◆ Brief ◆
For the data below, retype word for word the lines from the one containing "Ключодържател Harry Potter - Deathly Hallows" through the one containing "MOUSSY FLARE one wash MVS moussy denim"; drop the pictures.

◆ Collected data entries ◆
====

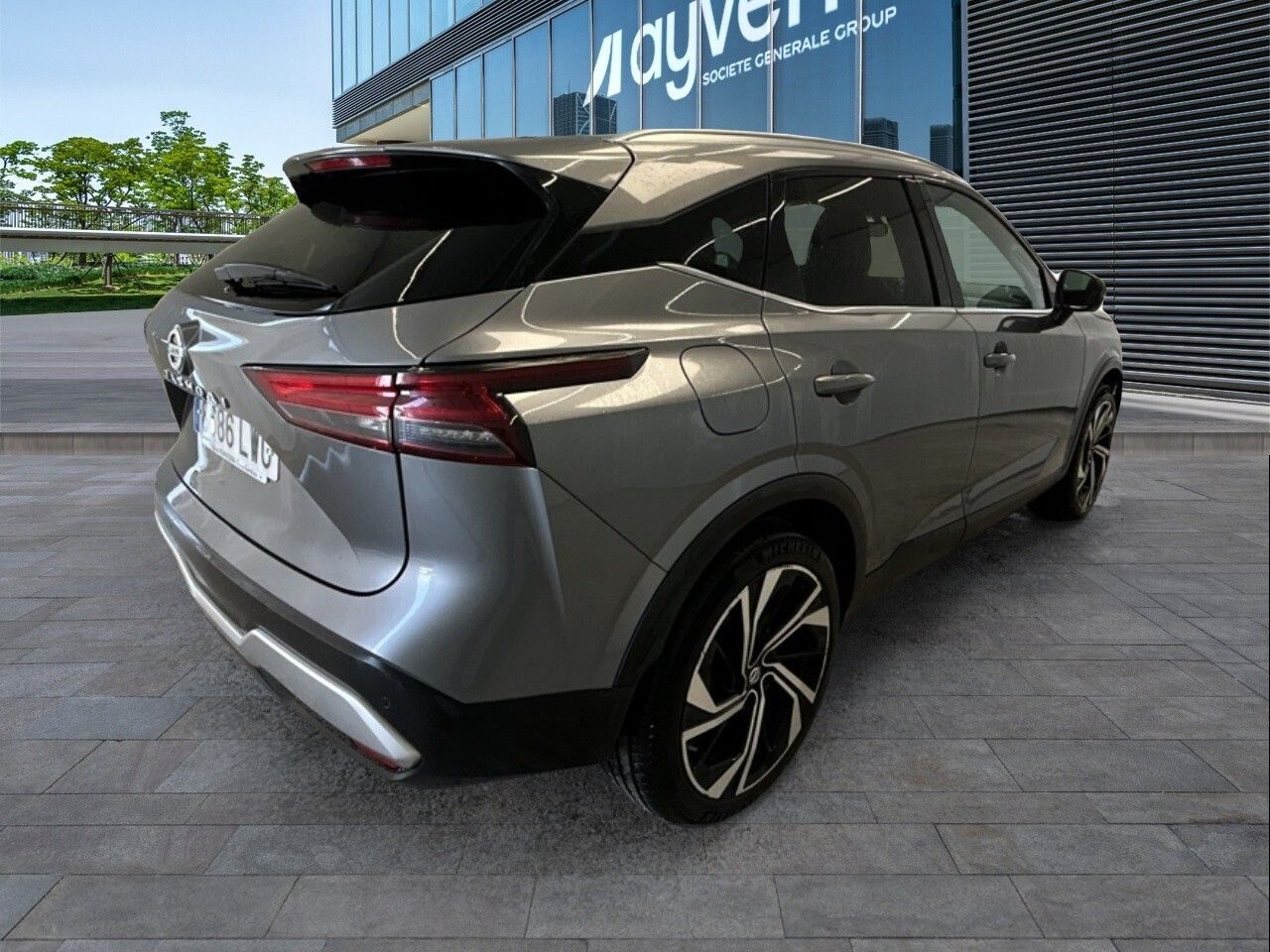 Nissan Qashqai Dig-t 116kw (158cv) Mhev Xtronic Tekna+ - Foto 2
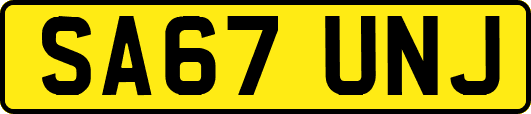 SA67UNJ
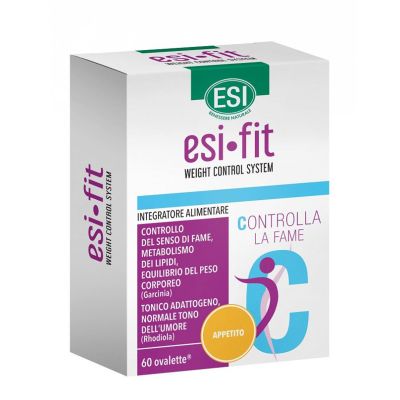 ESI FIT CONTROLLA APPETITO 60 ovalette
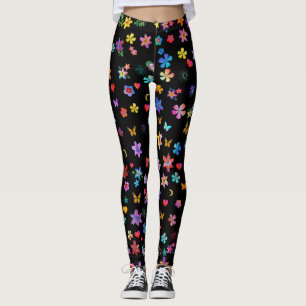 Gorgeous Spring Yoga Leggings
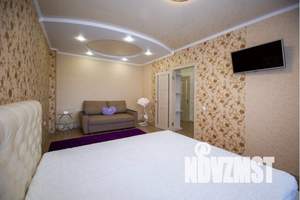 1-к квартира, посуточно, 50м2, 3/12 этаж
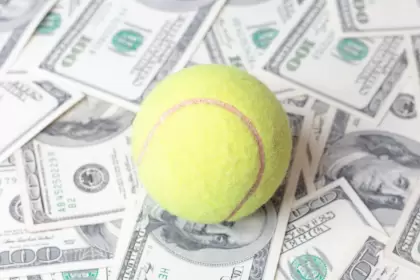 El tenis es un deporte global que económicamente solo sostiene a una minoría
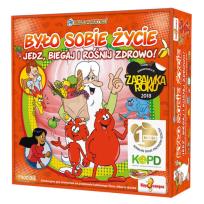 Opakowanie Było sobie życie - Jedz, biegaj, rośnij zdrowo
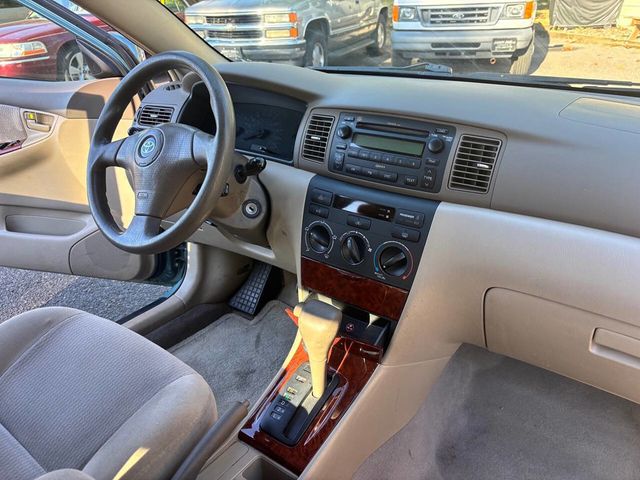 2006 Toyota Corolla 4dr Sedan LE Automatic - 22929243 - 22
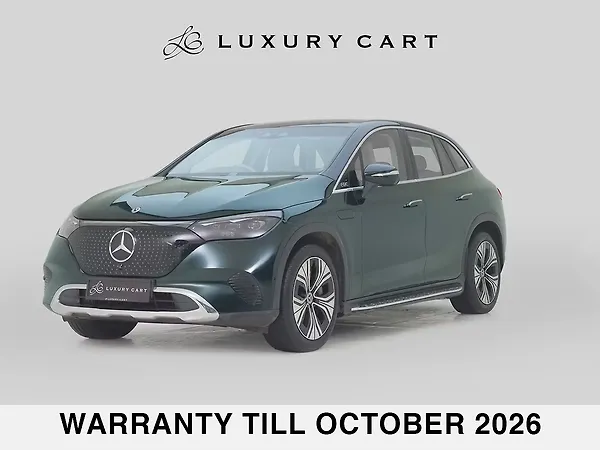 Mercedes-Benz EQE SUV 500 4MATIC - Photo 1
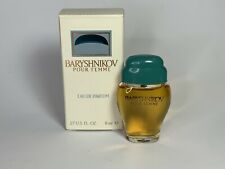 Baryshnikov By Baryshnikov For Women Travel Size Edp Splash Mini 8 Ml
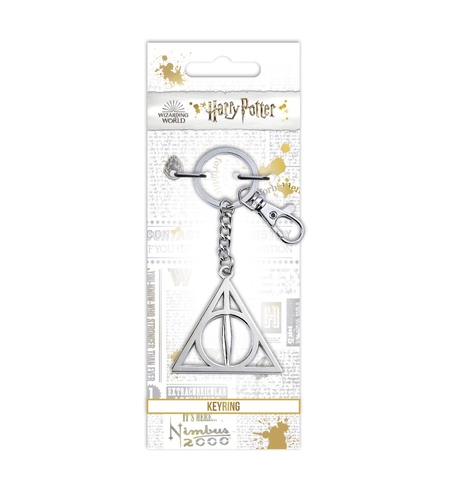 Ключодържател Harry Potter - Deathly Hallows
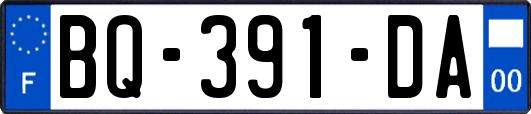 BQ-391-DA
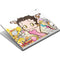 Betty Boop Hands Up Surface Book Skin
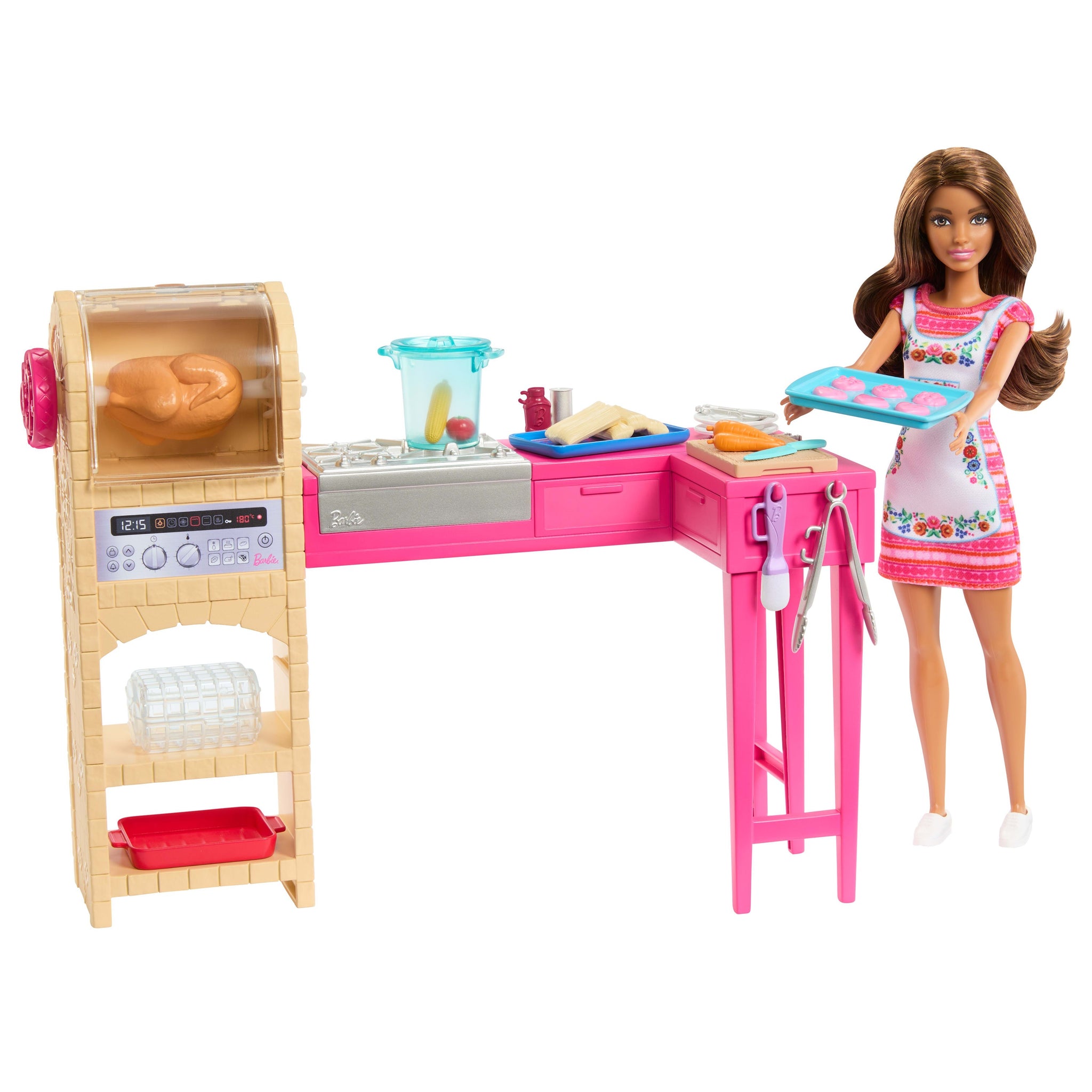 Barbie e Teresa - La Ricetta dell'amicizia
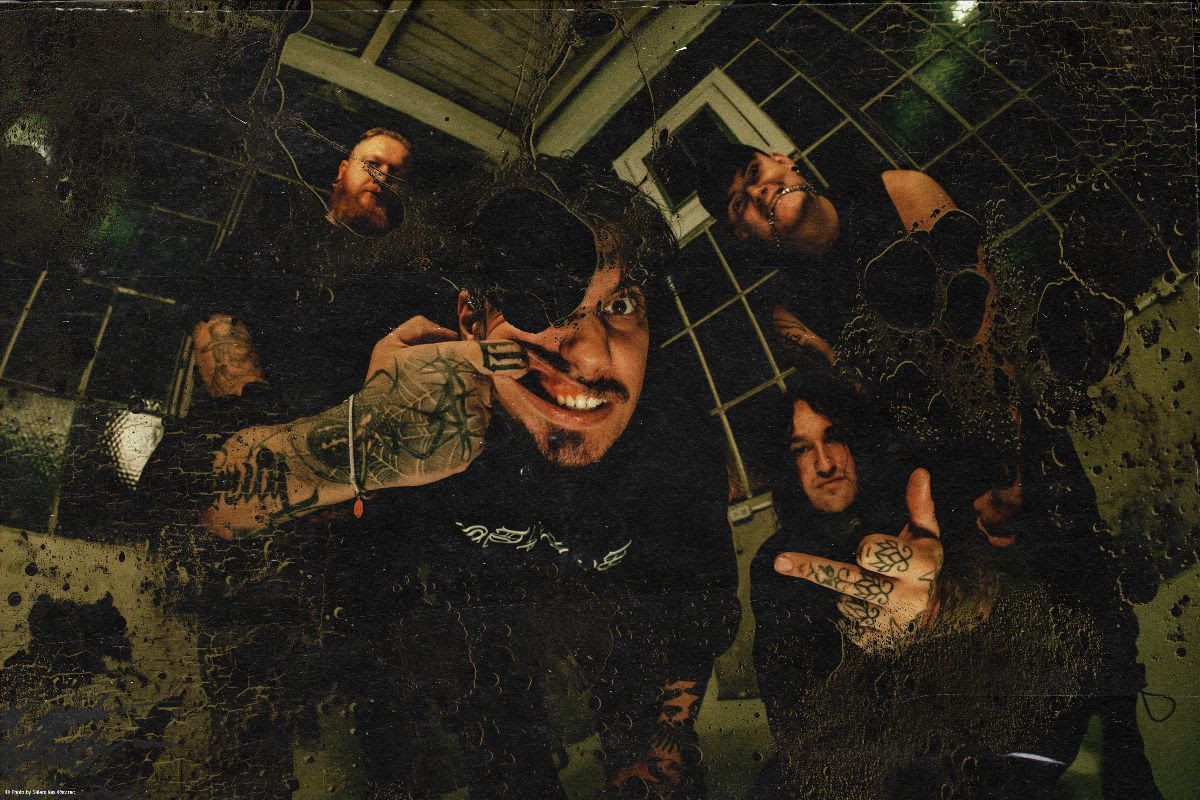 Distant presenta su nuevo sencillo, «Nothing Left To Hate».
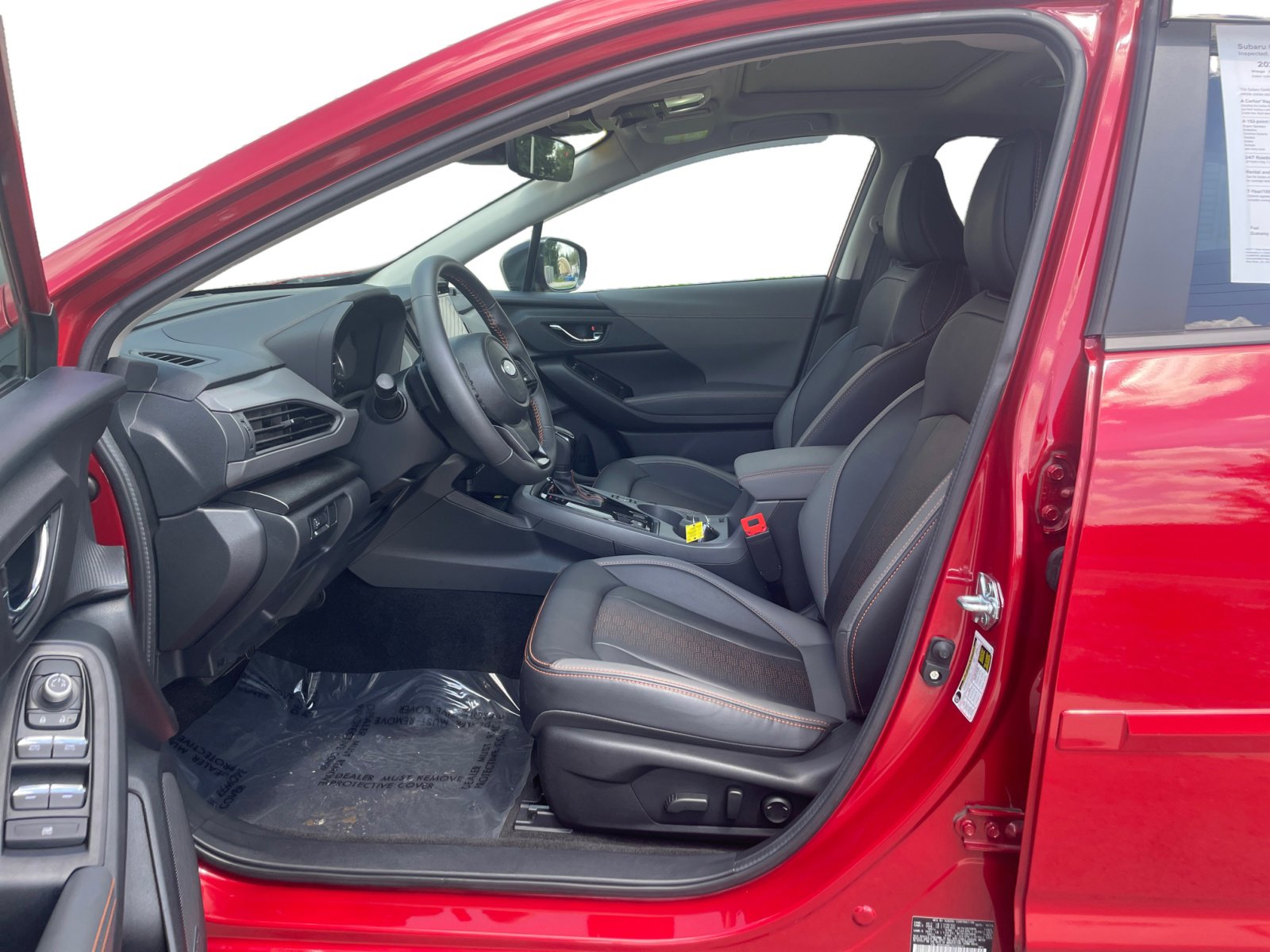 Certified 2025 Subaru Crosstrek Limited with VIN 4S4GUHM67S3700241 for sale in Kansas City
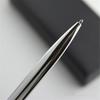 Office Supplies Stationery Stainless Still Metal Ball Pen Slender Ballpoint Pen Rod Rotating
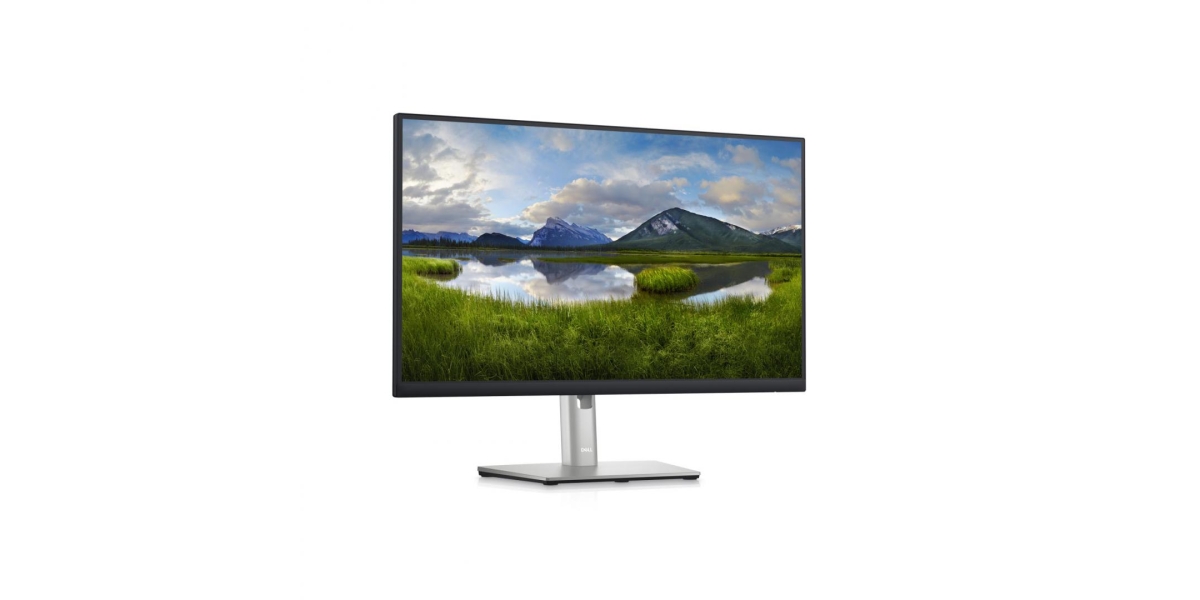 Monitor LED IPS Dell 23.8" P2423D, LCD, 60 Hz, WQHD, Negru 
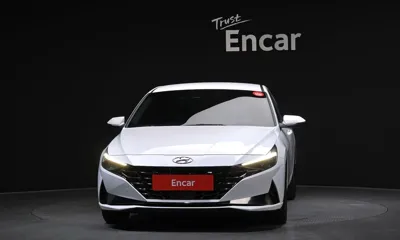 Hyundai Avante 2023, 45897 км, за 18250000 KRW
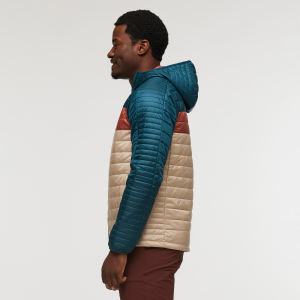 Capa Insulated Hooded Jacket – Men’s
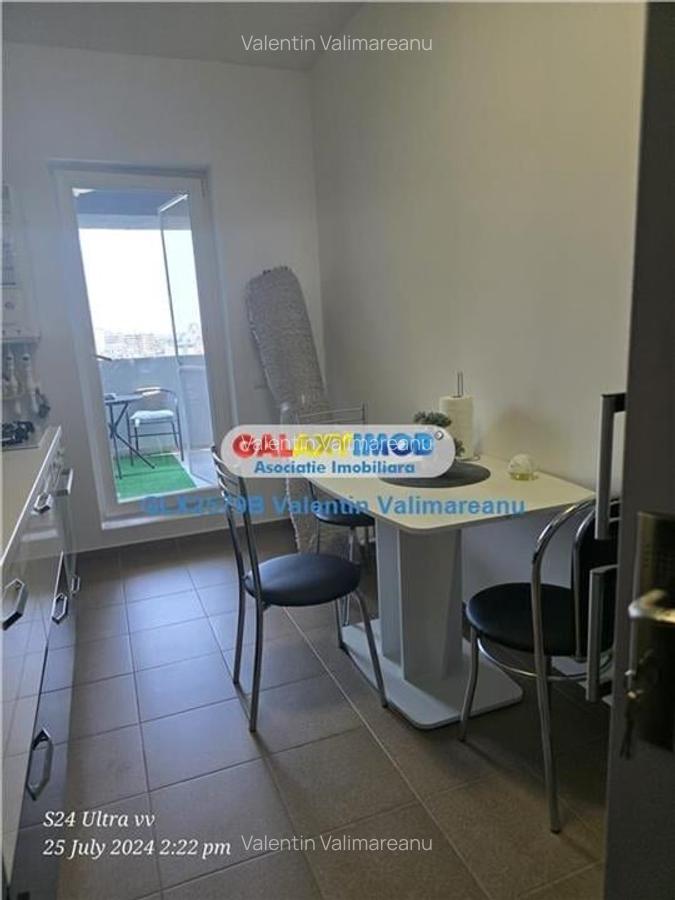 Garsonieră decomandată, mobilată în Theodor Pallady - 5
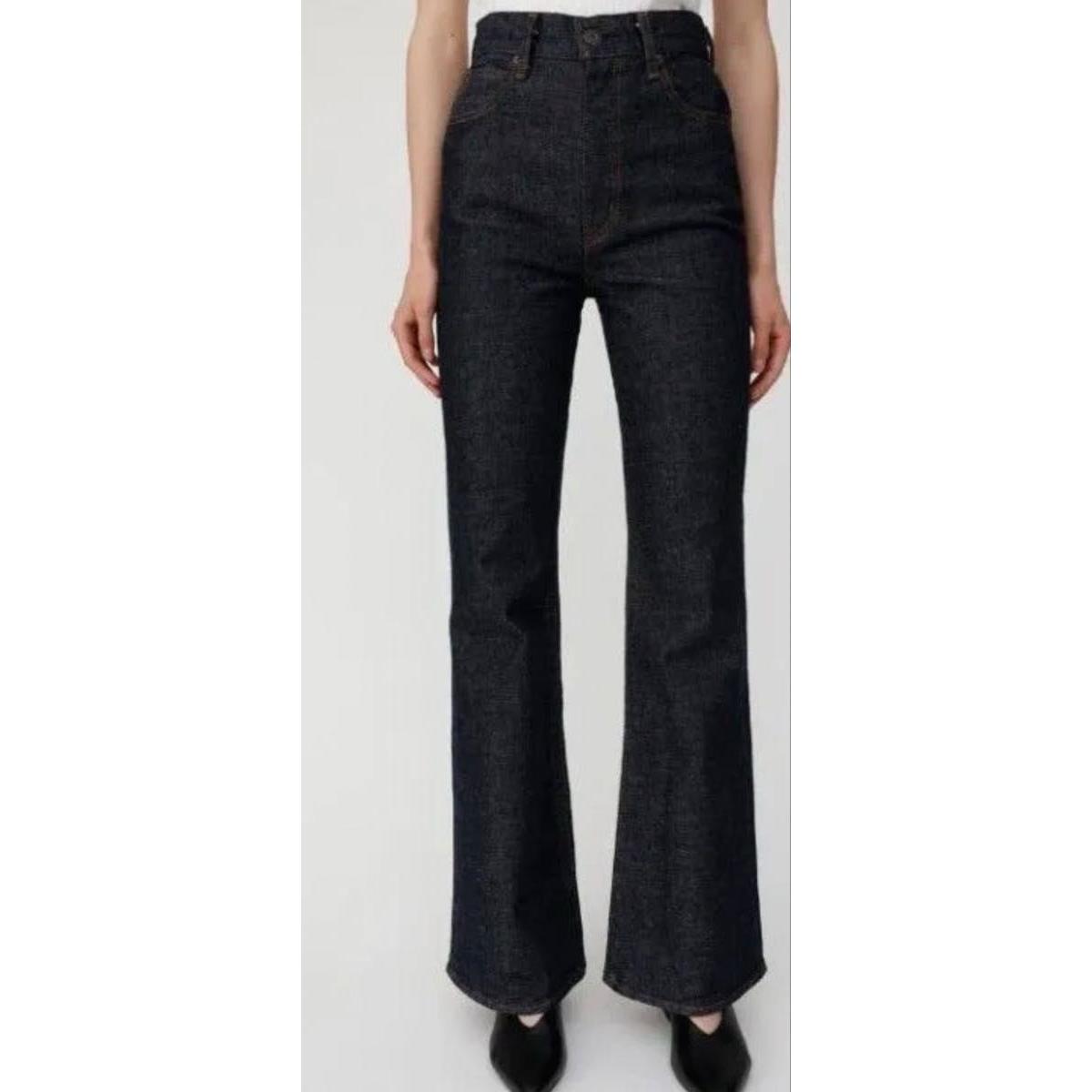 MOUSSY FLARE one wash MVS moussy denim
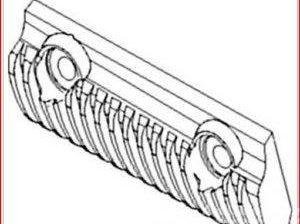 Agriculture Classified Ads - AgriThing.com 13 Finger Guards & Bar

====

◆ Task result ◆
 Ключодържател Harry Potter - Deathly Hallows
 BQ-391-DA
 Betty Boop Hands Up Surface Book Skin
 Barbie e Teresa - La Ricetta dell'amicizia
 Distant presenta su nuevo sencillo, «Nothing Left To Hate».
 Certified 2025 Subaru Crosstrek Limited with VIN 4S4GUHM67S3700241 for sale in Kansas City
 Office Supplies Stationery Stainless Still Metal Ball Pen Slender Ballpoint Pen Rod Rotating
 Monitor LED IPS Dell 23.8" P2423D, LCD, 60 Hz, WQHD, Negru 
 Hyundai Avante 2023, 45897 км, за 18250000 KRW
 Capa Insulated Hooded Jacket – Men’s
 Garsonieră decomandată, mobilată în Theodor Pallady - 5
 MOUSSY FLARE one wash MVS moussy denim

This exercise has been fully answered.